- [Aim of the task]
Please write out all the entries exactly, without the pictures.

- [Given records]
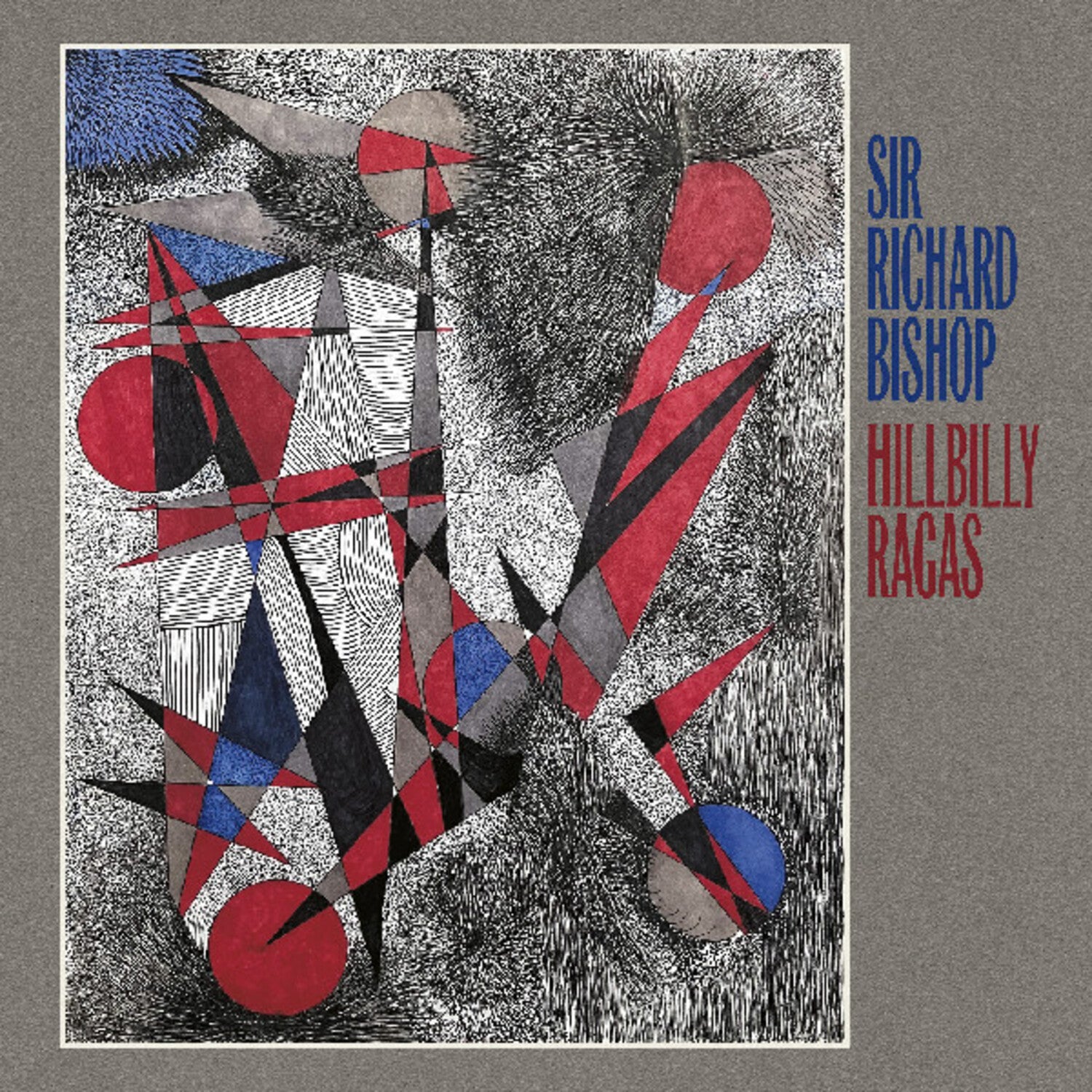 Sir Richard Bishop - Hillbilly Ragas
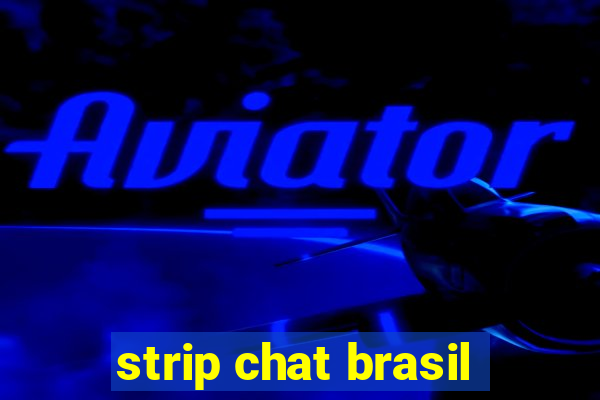 strip chat brasil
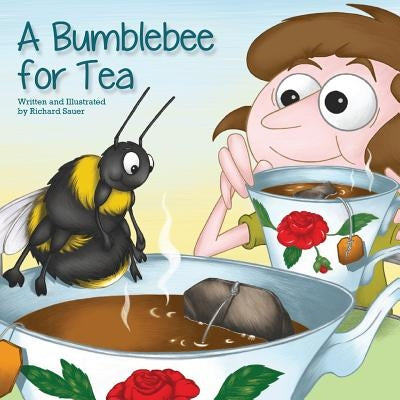 A Bumblebee for Tea by Sauer, Richard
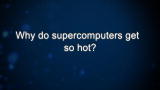Curiosity: Why do supercomputers get so hot?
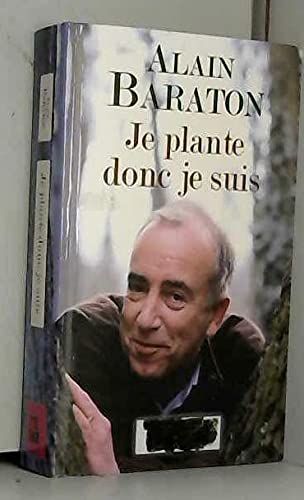 Je Plante Donc Je Suis 9782286069407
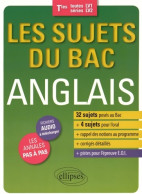 Les Sujets Du Bac Anglais Terminales Toutes Séries LV1 LV2 (2015) De Joël Cascade - 12-18 Years Old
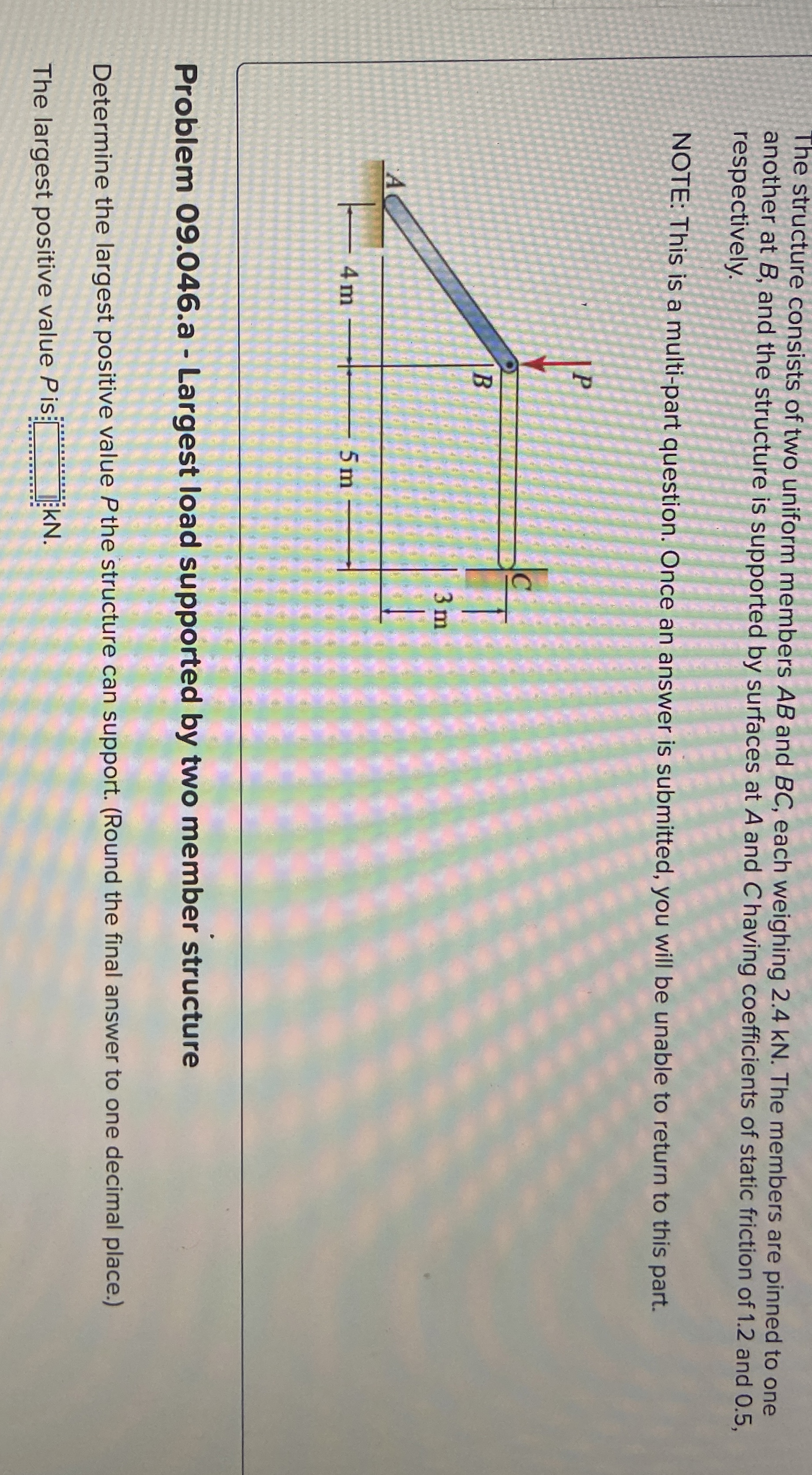 The structure consists of two uniform members A B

- [Exercise result]
 Sir Richard Bishop - Hillbilly Ragas
 strip chat brasil
 A Bumblebee for Tea by Sauer, Richard
Curiosity: Why do supercomputers get so hot?
 Je Plante Donc Je Suis 9782286069407
 Les Sujets Du Bac Anglais Terminales Toutes Séries LV1 LV2 (2015) De Joël Cascade - 12-18 Years Old
 The structure consists of two uniform members A B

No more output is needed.